Tubuh, Seks, dan Modal: Menyusur Aksara Amananunna

rio johan

Sampul buku Aksara Amananunna karya Rio Johan (Penerbit KPG, 2014). Sumber: goodreads.com.

SEPENDEK apa pun sebuah cerita, kita senantiasa berharap ia mampu berkisah. Namun nyatanya, tak mudah menyajikan cerita yang mampu berkisah dalam bingkai seketat cerpen. Banyak pengarang hanya menyajikan fragmen dengan cara yang tergesa-gesa, dengan tokoh dan banyak hal yang berebut ingin dihadirkan.

Membaca buku kumpulan cerpen Aksara Amananunna karya Rio Johan (Penerbit KPG, 2014) sama halnya melihat polah-tingkah seorang pemuda 20-an tahun yang melakukan banyak hal dalam hidupnya berdasar naluri kelaki-lakian yang penuh nafsu, juga tunduk pada orientasi seksual. Tubuh yang digunakan sebagai modal dan sebagai peranti seks yang dengan mudah dapat dieksploitasi. Demikian banyak dilahir-hadirkan Rio Johan, pada cerpen “Komunitas”, “Kevalier d’Orange”, “Robbie Jobbie”, dan “Susanna, Susanna!” dalam buku ini.

Saya ingin membahas empat cerpen itu sebagai bahan perbincangan, jika tak ingin disebut kritik, tentang tubuh, seks, dan modal. Karena menurut Nirwan Dewanto, kritik sastra “baru bisa berlaku di atas karya yang memperlihatkan anasir kritis dalam dirinya sendiri”. Cerita dalam buku ini melihat tubuh dan seks sebagai modal penting dalam hubungan interaktif manusia dengan manusia lain dalam berbagai kepentingan. Lebih dari sekadar itu, tubuh sebagai modal untuk menguasai.

Di tengah kebanyakan pengarang yang memutuskan untuk memilih kecanggihan berbahasa dalam cerpen yang mereka rakit, cerita yang tak fantastis dan absurd juga sebuah pilihan. Ada pula “Aksara Amanunanna” yang berkisah tentang ketakmampuan memepertahankan bahasa, Mubi yang bermimpi jadi tuhan dan ingin menulis novel dalam “Ketika Mubi Bermimpi menjadi Tuhan yang Melayang di Angkasa”, “Tidak Ada Air untuk Mikhail” yang tak lebih dari sebuah diary anak kos. Selain itu ada “Undang-Undang Antibunuh Diri”, “Ginekopolis”, “Pisang Tak Tumbuh di Atas Salju”, “Riwayat Benjamin”, dan “Apa Iya Hitler Kongkalikong dengan Alien?”.

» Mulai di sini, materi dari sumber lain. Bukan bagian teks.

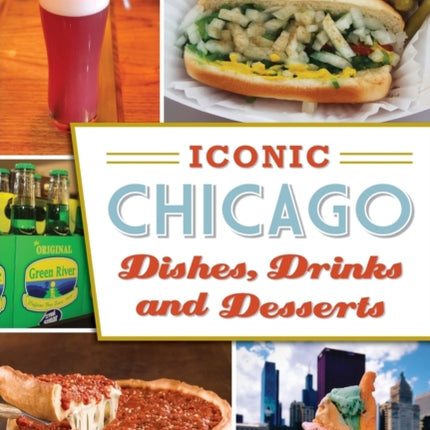 Iconic Chicago Dishes Drinks and Desserts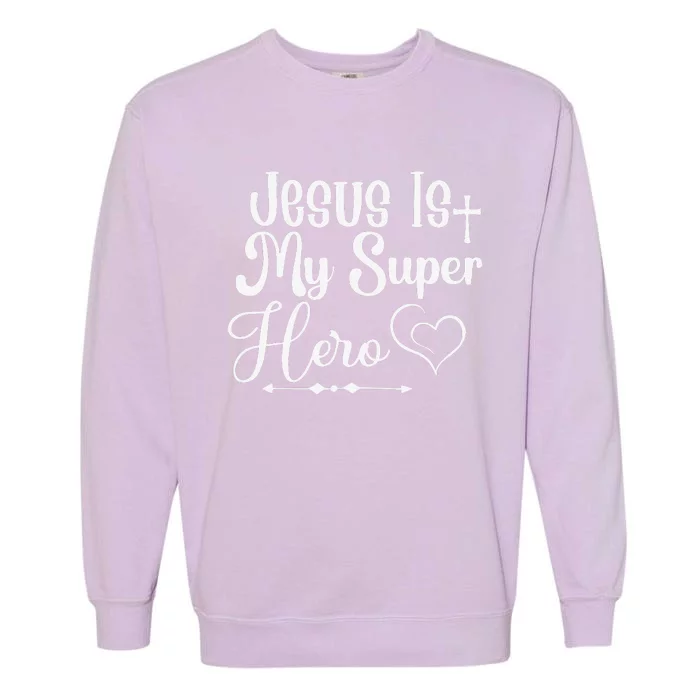 Jesus Is My SuperHero Garment-Dyed Sweatshirt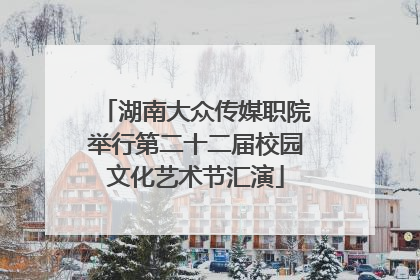 湖南大众传媒职院举行第二十二届校园文化艺术节汇演
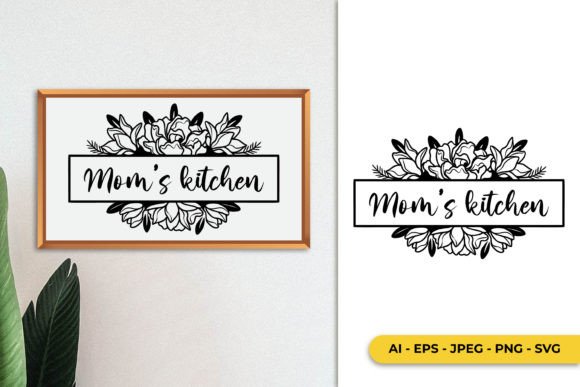 Mom s Kitchen Floral SVG: Crafts & Graphics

Setidaknya pengisahan yang berulang tentang aktivitas seksual yang “tak lazim” dalam film dewasa ada pada keempat cerita itu. Tokoh Aku dalam “Komunitas” terpaksa harus bekerja pada tempat yang mulanya tak dikehendaki, namun akhirnya dinikmati. Itu setelah Aku tak diterima bekerja pada agensi model karena “tampan, tapi terlalu pasaran”, sebuah hal yang benar-benar diharapkan ada dan tidak kebetulan.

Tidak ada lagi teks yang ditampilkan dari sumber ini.